Luego de seis años de trabajo entre la Unidad para las Víctimas y la comunidad víctima de este municipio risaraldense, se desarrolló el acto de cierre de este sujeto colectivo.

La directora territorial de la Unidad en El Eje Cafetero, Laura Moreno Mejía, y la subdirectora de reparación colectiva, Luz Marina Durán Sánchez, encabezaron el acto de cierre del sujeto de reparación colectiva y su respectivo Plan Integral de Reparación Colectiva (PIRC) en Pueblo Rico, junto a la comunidad víctima perteneciente al comité de impulso del sujeto, Personería e integrantes del Programa de Naciones Unidas para el Desarrollo (PNUD).

El Sujeto de Reparación Colectiva de Pueblo Rico, ingresó al programa de Reparación a través de la modalidad de oferta, iniciando la fase de identificación el 24 de mayo de 2013, con una jornada de acercamiento institucional por parte de la Unidad. En 2014 se conformó el comité de impulso y empezó el trabajo con la comunidad afectada en la fase de diagnóstico.
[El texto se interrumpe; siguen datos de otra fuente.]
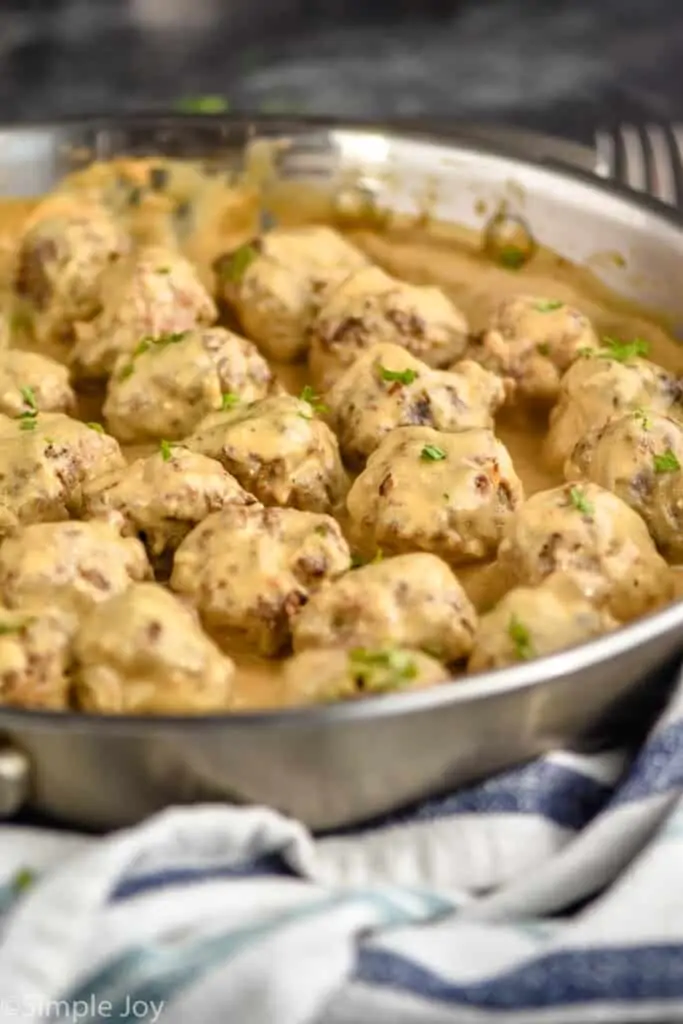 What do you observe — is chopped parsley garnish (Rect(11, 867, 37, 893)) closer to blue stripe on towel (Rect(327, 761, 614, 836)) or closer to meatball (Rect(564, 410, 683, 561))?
blue stripe on towel (Rect(327, 761, 614, 836))

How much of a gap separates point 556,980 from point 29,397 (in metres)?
1.25

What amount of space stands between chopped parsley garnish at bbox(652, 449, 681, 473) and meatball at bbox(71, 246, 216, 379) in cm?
83

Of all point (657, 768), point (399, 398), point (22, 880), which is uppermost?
point (399, 398)

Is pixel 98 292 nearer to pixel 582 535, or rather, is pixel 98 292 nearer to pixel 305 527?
pixel 305 527

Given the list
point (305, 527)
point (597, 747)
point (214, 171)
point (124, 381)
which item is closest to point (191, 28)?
point (214, 171)

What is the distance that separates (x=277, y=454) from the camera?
2021 millimetres

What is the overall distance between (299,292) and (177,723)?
1.26 metres

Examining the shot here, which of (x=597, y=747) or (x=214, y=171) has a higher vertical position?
(x=214, y=171)

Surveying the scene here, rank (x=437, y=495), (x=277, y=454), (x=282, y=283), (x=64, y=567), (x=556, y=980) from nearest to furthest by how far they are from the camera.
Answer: (x=556, y=980), (x=64, y=567), (x=437, y=495), (x=277, y=454), (x=282, y=283)

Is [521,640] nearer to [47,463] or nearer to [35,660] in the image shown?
[35,660]

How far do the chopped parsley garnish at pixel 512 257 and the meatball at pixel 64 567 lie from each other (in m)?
1.17

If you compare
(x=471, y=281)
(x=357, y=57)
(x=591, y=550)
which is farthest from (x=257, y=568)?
(x=357, y=57)

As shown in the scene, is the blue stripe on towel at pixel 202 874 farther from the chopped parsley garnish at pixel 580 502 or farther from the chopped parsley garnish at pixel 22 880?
the chopped parsley garnish at pixel 580 502

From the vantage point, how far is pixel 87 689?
1.61 m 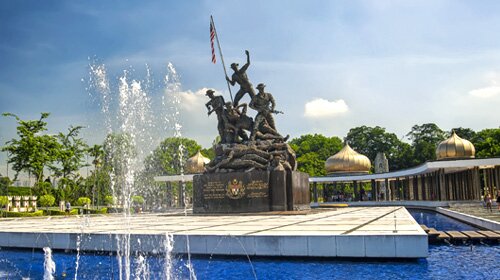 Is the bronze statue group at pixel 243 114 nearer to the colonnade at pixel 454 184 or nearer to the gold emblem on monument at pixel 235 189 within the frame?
the gold emblem on monument at pixel 235 189

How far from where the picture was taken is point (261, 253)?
918cm

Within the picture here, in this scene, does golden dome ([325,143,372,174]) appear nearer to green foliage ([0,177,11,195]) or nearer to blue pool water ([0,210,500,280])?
green foliage ([0,177,11,195])

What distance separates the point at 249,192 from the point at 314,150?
171 feet

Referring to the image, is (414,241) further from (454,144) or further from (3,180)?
(3,180)

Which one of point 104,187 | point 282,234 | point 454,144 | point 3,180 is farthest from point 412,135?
point 282,234

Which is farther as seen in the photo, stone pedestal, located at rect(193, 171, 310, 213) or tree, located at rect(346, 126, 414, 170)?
tree, located at rect(346, 126, 414, 170)

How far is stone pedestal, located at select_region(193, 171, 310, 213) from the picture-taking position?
1902 centimetres

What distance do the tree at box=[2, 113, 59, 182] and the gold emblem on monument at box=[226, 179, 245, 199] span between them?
102 feet

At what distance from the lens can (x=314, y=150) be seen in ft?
231

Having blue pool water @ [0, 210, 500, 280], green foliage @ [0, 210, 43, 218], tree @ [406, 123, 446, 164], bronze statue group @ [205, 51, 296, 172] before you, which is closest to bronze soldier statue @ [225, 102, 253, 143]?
bronze statue group @ [205, 51, 296, 172]

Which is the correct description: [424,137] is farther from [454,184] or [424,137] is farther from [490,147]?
[454,184]

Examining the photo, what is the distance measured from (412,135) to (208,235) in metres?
67.8

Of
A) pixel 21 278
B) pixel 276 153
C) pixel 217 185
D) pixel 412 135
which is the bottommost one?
pixel 21 278

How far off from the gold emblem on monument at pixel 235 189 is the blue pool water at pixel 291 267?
30.4ft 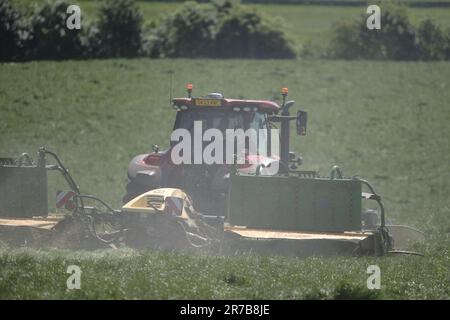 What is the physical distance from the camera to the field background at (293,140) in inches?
441

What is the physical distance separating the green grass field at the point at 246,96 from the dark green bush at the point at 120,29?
7.14 ft

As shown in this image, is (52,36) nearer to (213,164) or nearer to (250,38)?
(250,38)

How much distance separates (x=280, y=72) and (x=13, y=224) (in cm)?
2879

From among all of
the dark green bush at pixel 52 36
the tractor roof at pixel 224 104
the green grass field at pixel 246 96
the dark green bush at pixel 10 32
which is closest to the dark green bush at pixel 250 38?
the green grass field at pixel 246 96

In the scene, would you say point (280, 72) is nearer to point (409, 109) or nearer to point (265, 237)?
point (409, 109)

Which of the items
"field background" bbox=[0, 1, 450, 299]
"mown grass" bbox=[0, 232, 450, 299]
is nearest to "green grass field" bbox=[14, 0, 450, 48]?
"field background" bbox=[0, 1, 450, 299]

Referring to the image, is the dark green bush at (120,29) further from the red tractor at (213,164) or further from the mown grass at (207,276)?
the mown grass at (207,276)

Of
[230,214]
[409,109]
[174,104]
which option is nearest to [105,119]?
[409,109]

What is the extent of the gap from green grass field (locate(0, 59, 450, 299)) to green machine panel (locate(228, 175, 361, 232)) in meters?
0.86

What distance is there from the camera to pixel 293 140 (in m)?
34.1

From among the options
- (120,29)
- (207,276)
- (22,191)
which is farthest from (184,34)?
(207,276)

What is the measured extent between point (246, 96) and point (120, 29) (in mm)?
11124

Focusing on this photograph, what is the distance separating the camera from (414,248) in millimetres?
15258

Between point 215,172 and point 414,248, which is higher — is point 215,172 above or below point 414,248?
above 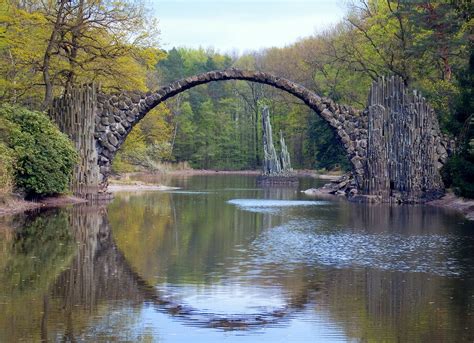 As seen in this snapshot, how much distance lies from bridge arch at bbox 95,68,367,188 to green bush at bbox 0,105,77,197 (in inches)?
122

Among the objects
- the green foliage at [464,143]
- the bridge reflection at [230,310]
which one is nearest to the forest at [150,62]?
the green foliage at [464,143]

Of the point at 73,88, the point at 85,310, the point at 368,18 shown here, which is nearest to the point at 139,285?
the point at 85,310

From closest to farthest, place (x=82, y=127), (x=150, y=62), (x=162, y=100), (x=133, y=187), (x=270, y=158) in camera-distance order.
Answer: (x=82, y=127) → (x=162, y=100) → (x=150, y=62) → (x=133, y=187) → (x=270, y=158)

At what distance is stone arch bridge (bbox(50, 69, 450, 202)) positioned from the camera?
103 ft

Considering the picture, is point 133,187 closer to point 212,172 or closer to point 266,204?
point 266,204

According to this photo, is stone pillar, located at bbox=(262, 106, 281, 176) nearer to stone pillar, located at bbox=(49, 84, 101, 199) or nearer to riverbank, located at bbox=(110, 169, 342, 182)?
riverbank, located at bbox=(110, 169, 342, 182)

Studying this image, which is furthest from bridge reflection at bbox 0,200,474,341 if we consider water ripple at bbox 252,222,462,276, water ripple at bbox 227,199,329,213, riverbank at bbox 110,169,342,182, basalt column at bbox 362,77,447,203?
riverbank at bbox 110,169,342,182

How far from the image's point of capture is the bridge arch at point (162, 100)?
32.1 m

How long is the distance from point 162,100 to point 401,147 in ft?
31.3

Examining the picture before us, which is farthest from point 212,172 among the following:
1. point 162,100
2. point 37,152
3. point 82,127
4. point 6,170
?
point 6,170

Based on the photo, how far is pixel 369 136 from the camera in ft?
107

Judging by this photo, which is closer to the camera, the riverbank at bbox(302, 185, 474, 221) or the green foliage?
the green foliage

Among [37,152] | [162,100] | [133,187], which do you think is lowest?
[133,187]

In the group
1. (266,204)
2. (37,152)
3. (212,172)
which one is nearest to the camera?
(37,152)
“Hoy queremos mantener la llama de la esperanza encendida, porque, aunque culminamos con éxito un proceso que nos llevó a trabajar como equipo, víctimas y Unidad, seguiremos estando presentes en todos los procesos que ustedes requieran para seguir fortaleciendo su tejido social, mi admiración y respeto porque han demostrado una vez más la capacidad de recuperarse y salir adelante a pesar de las dificultades, la paz se construye con hechos”, expresó Laura Moreno.

Luz Marina Durán, indicó que “estamos muy complacidos de poder acompañar este cierre del sujeto en Pueblo Rico, es en el territorio donde uno realmente se da cuenta del impacto que estos procesos tienen en la población, la gente está muy contenta por la implementación de las acciones, en total fueron 18 acciones que realmente nos ayudaron a reparar, una inversión cercana a los $1.000 millones , seguiremos trabajando en todos los rincones del país para lograr el bienestar de la población víctima”.

Entre otras acciones, una de las medidas más relevantes para el proceso fue la entrega de dos camiones, el pasado mes de noviembre, para el fortalecimiento del proyecto del centro de mieles por medio de la Asociación de Paneleros (ASOPRI), a través del cual se minimizaron los costos en el transporte de productos y además enriqueció el proceso de comercialización y distribución de panela y miel en la localidad.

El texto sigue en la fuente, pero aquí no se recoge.